It was 9a by the time I had driven to the park entrance. Parking is found along Farmer Rd, just outside. Mine was the only car when I started, but there would be about a handful of others here by the time I was done. An artistic entrance made of wood and iron with Indian motiffs greets visitors at the end of a short gravel road. Beyond this the route becomes less ornate, following one of the ranch roads that serve for trails in the park. There is a singletrack trail of more recent construction that one comes across on the way up, the Five Oaks Trail, starting about half a mile up from the park entrance. I followed this very fine trail through oak understory and chaparral-lined hillsides. There are nice views of the Julian countryside along with interpretive signs and a bench found enroute. Those portions of hillside not covered in chaparral were sheathed in grasses, a lovely green this time of year. Overcast skies kept temperatures chilly most of the morning, but quite nice for hiking. The Five Oaks Trail rejoins the main road after about a mile at a junction and soon thereafter the mid-summit gate is encountered. It was here that I noticed the sign indicating the top is only open on weekends and major holidays. Perhaps someone is afraid the masses will run helter skelter over the mountain, getting lost or perhaps threatening the communication towers near Volcan Point. I took my chances and went over the fence (just as a note - there is a bypass to the right around the fence, but that has encroaching poison oak).

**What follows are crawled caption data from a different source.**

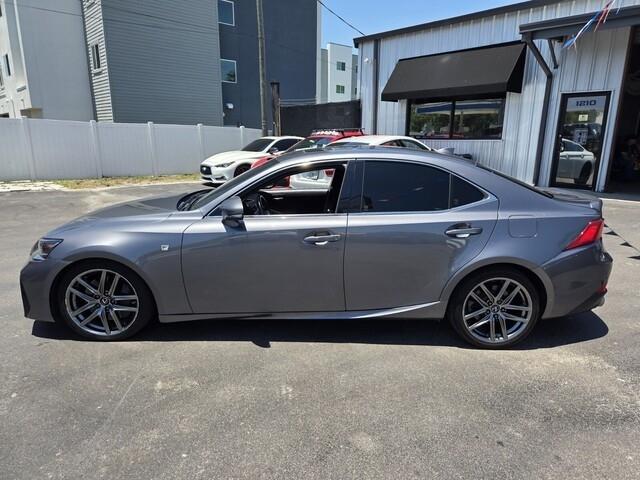 Lexus IS  2019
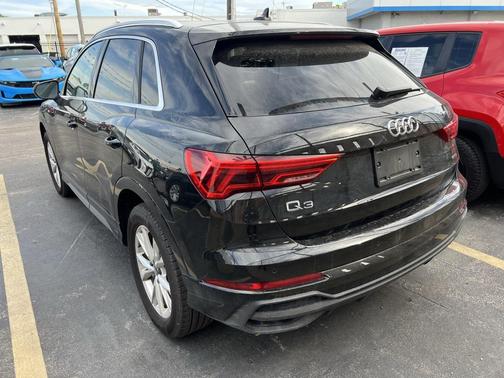 2025 Audi Q3 Premium 45 TFSI S line quattro Tiptronic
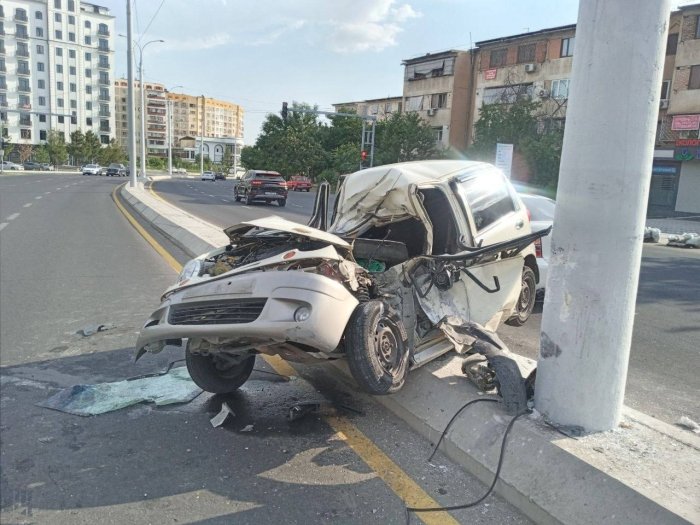 Toshkentda Matiz yo‘l o‘rtasidagi beton ustun bilan to‘qnashdi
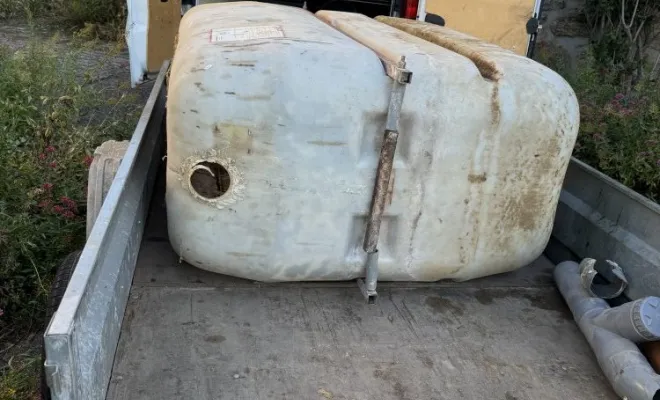 Vidange et nettoyage d'une ancienne fosse septique et évacuation à Saint Jean de Bournay, Vaulx-Milieu, JP ASSAINISSEMENT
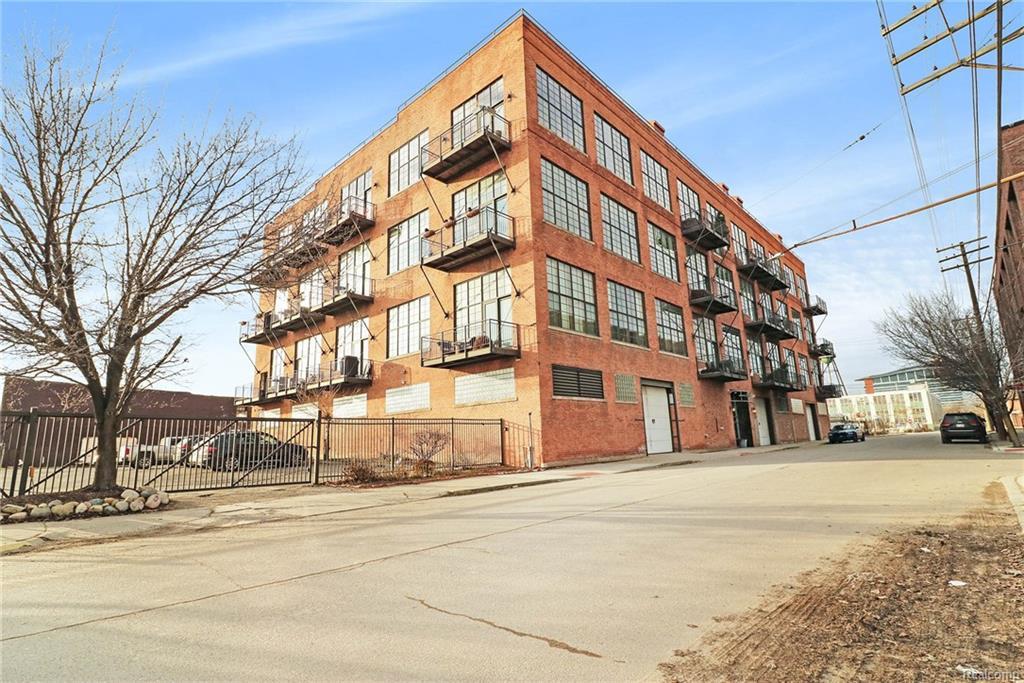 2003 Brooklyn St - Photo 1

From the mid-summit gate, it's less than a mile to Volcan Point, turning right at a major junction found north of the summit (signs indicate all other routes are closed). On the way to Volcan Point one passes by a sturdy rock chimney, the remnants of an observatory cabin that once stood here. At one time Volcan Point was on the short list to receive the Hale Telescope which eventually landed on Palomar Mtn. The cabin was manned for several years to observe viewing conditions throughout the year before being abandoned. All that remains of the wood structure is the chimney. The highpoint of Volcan Point is found in a rock outcrop amidst a cluster of oak trees fraught with poison oak. I couldn't located the benchmark, but did find one of the reference marks. Immediately north of the highpoint is an old, fenced-off tower that once served as a light beacon for navigational purposes by the overnight airmail planes. The highpoint itself hasn't much in the way of views, but by walking around the grassy slopes on either side one can get wonderful views looking across the Anza-Borrego Desert State Park to the east and south, and west across the county as far as the Pacific Ocean. It's really a great viewspot and deserves a place on the SDC list. Yet for all the fine views, Volcan Point is not the highpoint of the Volcan Mountains. That honor goes to Pechacho BM, about 5 air miles to the northwest. I had researched it enough to know that roads could get me most of the way there, but the route goes through a number of different properties not open to the public. There are alternate routes up from the east and west sides, but these have their own trespassing issues. The shortest route up from the west goes entirely through the Santa Isabel Indian Reservation. I had explored that route some years ago, but found outsiders were unwelcome and I never ventured out of the car that day.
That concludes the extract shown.